[Opening RECORDS FOR PROCESSING section]

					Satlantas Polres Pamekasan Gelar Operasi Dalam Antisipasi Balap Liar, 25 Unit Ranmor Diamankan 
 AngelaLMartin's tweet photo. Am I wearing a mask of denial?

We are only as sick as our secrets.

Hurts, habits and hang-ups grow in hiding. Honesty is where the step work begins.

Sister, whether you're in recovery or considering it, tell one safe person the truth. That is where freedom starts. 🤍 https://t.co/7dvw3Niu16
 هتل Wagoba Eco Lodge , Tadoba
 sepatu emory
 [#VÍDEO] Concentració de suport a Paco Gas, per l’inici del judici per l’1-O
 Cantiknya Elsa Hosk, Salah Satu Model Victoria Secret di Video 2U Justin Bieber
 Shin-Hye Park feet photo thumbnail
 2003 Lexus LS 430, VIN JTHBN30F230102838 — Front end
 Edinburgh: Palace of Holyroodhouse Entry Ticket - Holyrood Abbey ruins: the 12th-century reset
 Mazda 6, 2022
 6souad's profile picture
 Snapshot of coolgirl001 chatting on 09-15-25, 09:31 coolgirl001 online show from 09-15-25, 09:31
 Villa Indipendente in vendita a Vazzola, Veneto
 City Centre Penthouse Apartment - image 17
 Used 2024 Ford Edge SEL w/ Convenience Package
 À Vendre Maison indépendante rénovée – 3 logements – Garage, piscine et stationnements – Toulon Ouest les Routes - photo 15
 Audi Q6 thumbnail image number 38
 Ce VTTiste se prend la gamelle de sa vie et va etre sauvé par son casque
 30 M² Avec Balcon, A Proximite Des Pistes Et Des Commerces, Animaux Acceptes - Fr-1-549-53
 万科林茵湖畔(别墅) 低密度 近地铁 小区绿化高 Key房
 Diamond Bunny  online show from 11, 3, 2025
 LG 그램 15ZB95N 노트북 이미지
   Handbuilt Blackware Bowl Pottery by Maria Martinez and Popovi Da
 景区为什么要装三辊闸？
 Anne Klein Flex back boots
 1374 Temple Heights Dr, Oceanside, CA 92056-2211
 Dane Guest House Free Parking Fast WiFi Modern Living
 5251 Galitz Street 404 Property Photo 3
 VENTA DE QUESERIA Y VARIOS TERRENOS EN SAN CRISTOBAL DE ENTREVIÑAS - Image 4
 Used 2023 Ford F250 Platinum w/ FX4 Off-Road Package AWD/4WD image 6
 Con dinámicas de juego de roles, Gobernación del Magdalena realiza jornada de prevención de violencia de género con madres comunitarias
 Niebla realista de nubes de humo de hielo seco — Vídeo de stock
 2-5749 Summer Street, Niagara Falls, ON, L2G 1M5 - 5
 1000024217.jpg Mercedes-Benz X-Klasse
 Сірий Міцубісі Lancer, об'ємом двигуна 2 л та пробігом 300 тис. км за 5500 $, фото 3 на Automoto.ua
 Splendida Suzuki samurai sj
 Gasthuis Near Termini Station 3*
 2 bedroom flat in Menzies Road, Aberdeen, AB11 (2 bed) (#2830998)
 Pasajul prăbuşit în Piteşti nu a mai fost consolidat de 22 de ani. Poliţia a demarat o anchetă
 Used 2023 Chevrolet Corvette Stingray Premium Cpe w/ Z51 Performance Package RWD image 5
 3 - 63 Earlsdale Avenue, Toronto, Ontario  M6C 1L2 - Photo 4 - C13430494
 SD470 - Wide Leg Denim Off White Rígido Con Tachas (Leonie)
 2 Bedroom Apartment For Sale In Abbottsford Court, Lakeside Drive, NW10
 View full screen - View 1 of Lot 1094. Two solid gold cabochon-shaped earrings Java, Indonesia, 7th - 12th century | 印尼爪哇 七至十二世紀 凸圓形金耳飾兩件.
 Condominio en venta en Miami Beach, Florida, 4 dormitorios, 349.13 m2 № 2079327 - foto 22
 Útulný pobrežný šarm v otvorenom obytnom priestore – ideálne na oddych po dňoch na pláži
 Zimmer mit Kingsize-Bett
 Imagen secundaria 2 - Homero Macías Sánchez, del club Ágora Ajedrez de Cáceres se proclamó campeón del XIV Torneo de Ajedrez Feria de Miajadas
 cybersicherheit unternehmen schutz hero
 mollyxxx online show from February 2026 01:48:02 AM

[Closing RECORDS FOR PROCESSING section]

• [WHAT IS NEEDED]:
The string "Apartment" marks the lines to copy; report each of them from the data above.

• [ANSWER AREA]:
 City Centre Penthouse Apartment - image 17
 2 Bedroom Apartment For Sale In Abbottsford Court, Lakeside Drive, NW10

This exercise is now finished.